The owner of the largest U.S. fuel pipeline said it expects to resume service throughout its entire system Thursday after a cyberattack forced it to shut it down, leading to regional gasoline shortages and higher prices.
Colonial Pipeline Co., operator of the 5,500-mile conduit that moves 100 million gallons of fuel a day from Texas to New Jersey, said it expected fuel to arrive by midday to all the markets it serves. It transports about 45% of the fuel consumed on the East Coast.
The shutdown of the pipeline, which delivers gasoline, diesel, jet fuel and other refined products, triggered a run on gas stations along parts of the East Coast this week and helped push gasoline prices to their highest levels in 6 1/2 years.
“Colonial Pipeline has made substantial progress in safely restarting our pipeline system and can report that product delivery has commenced in a majority of the markets we service,” it said in a statement.
The company shut the pipeline late Friday after being hit with a ransomware attack. U.S. officials linked the attack to a criminal gang known as DarkSide. Colonial said Thursday it was delivering fuel to most of its markets as it restarts operations, though it warned it would take several days for the flow of fuel to return to normal.

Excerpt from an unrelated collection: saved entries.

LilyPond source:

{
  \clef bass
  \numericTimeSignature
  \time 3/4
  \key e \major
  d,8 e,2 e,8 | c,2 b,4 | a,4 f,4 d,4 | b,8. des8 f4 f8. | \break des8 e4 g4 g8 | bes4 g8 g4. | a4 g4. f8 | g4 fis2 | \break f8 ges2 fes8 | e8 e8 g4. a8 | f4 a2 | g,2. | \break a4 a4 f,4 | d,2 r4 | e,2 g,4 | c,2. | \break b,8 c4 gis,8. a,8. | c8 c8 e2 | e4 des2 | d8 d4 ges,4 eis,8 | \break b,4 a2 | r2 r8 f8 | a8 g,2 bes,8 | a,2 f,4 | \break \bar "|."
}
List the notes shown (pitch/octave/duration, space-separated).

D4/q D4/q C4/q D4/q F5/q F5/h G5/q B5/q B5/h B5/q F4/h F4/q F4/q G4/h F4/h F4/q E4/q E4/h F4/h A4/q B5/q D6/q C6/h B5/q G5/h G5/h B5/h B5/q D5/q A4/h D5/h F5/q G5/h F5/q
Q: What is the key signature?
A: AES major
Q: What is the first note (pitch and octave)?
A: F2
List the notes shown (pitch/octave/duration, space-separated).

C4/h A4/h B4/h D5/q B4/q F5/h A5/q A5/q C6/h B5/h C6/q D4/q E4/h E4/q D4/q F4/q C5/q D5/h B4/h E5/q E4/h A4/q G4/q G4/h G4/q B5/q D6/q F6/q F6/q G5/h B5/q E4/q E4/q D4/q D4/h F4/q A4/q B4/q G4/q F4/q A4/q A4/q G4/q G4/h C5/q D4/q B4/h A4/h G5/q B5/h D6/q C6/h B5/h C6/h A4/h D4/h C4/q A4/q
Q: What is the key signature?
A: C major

On Thursday, President Biden said the flow of fuel in the pipeline should return to normal, region by region, beginning this weekend and continuing into next week. Mr. Biden said there may be hiccups in the restart, but he urged drivers not to panic and purchase more fuel than they need over the next few days.
“I know seeing lines at the pumps or gas stations with no gas can be extremely stressful. But this is a temporary situation,” Mr. Biden said in a media briefing. “Gasoline supply is coming back online and panic buying will only slow the process.”
The national average gasoline price edged up Thursday about 2 cents a gallon to $3.03, pushed up in part by a run on gas stations across the Southeast, according to AAA. Prices started the year at around $2.25 and have been rising as fuel demand continues to recover from last year’s pandemic lows.
Thousands of gas stations from Tallahassee, Fla. to Washington, D.C., ran out of fuel this week as nervous motorists waited in long lines. As of Thursday morning, 68% of gas stations in North Carolina had run dry, according to fuel and price tracker GasBuddy, which collects data from drivers that report such outages. In Georgia, 49% had run out of fuel; in South Carolina, 52%; in Virginia, 54%.
With about half a tank left in his six-cylinder sport-utility vehicle, Curtis Martin said he came up empty Wednesday in his search for a station with fuel in Concord, N.C., northeast of Charlotte. The stations that he found had long lines of cars on Tuesday were out of fuel Wednesday, he said.
Mr. Martin, 60, who works in sales at a mattress company, drives about 20 miles a day to and from work, and he said he wasn’t sure he should keep burning the gas he already had in his SUV on field trips to mostly empty gas stations.
“Maybe I should be patient and let the process work itself out,” Mr. Martin said.